When they flew downwind of a Utah magnesium refinery to record its emissions, researchers didn’t need fancy monitoring equipment to figure out when the plane was inside the chemical plume rising from US Magnesium.
“We could smell it,” said Caroline Womack, a scientist working for the National Oceanic and Atmospheric Administration, or NOAA. “It smelled like bleach.”
Womack is the lead author of a peer-reviewed NOAA-led study released this week into US Magnesium’s contribution to Utah’s air quality challenges. Her team discovered the plant’s role could be far larger than previously known because of its vast amount of bromine emissions, which accelerate chemical reactions that form the microscopic droplets known as fine particulate matter, or PM2.5.
“Our measurements of chlorine and nitrogen oxides agree with what the facility reports to regulators,” Womack said. “But what we found suggests that bromine industrial emissions may deserve a closer look.”
The study concluded that the plant is responsible for 10 to 25% of the PM2.5 choking Salt Lake City’s air during winter inversions, making it the single largest driver of Utah’s air quality troubles.
“The bromine was a surprise. Bromine is not in the inventory, because it’s not asked about,” Womack said. Based on its sampling from overflights, the research estimated that the plant emits nearly 2.5 million pounds of bromine compounds a year.
A U.S. Magnesium executive did not immediately respond to a voicemail Thursday.
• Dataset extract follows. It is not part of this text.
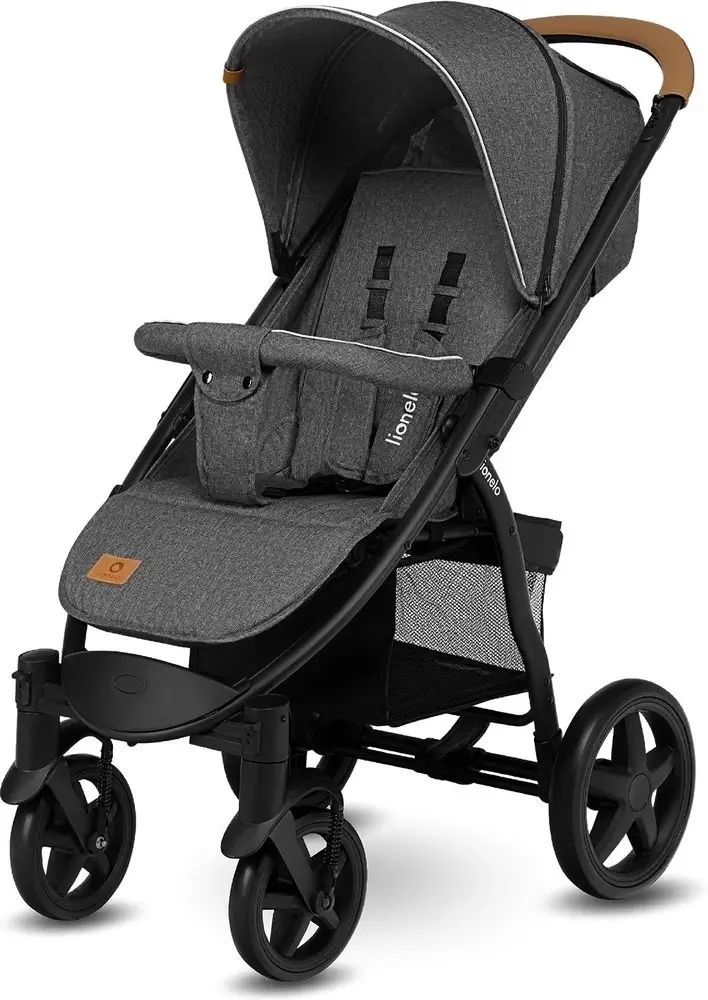 lionelo annet plus wózek spacerowy do 22 kg stone caramel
Situated on the southwest shore of the Great Salt Lake, the company’s Rowley plant is the nation’s largest producer of magnesium compounds, which are extracted from the lake’s brines.
Bromine itself isn’t categorized as a pollutant, but as an oxidizing agent that spurs the chemical reactions that turn other compounds in the atmosphere into the fine particulate that degrades air quality along the Wasatch Front, according to John Lin, a University of Utah atmospheric scientist who participated in the research.
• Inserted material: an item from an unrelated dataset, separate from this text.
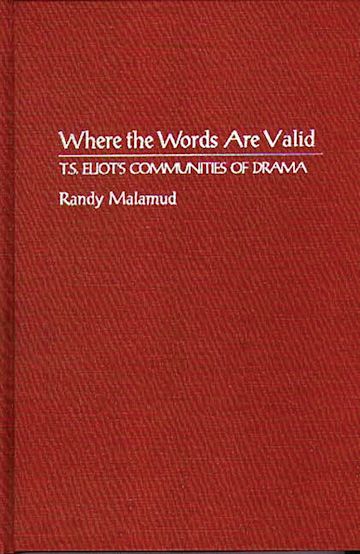 Where the Words Are Valid cover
“It’s related to the complexity of the chemical soup that’s our atmosphere,” Lin said. “When you put certain stuff in, it’s sometimes surprising what stuff comes out the other end.”
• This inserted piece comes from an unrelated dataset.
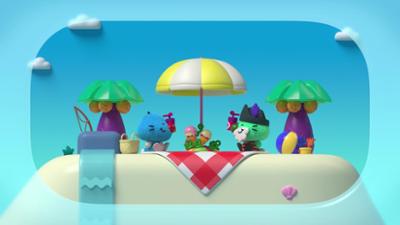 Oggy Oggy: Staffel 1, Folge 48: Picknick mit Hindernissen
The chlorine and bromine molecules emitted by US Magnesium are in a class of chemicals known as halogens, which break apart when exposed to sunlight.
In this case, the researchers suspect the bromine radicals react with nitrogen oxides, ammonia and organic compounds emitted from other sources to form ammonium nitrate, a leading component of PM2.5, adding to the pollution that gets trapped in Utah’s valleys during winter.
“We flew both during the day and at night, and we saw these emissions at all times of day,” Womack said. “But they were only accelerating this chemistry during the day because the sunlight is a necessary part of kickstarting that.”
NOAA’s findings have been provided to the Utah Department of Environmental Quality to help find ways to improve Wasatch Front’s air quality. More than 70% of its wintertime PM2.5 is composed of chemical compounds that are formed in the atmosphere, as opposed to pollution directly released into the air.
“We are in the process of reviewing the study and determining how it will impact our modeling, and any actions that may be necessary,” said DEQ spokesman Matt McPherson.
Ammonia and nitrogen oxide are the main “precursor” emissions that are recombined into PM2.5. DEQ has a study underway to identify ammonia sources.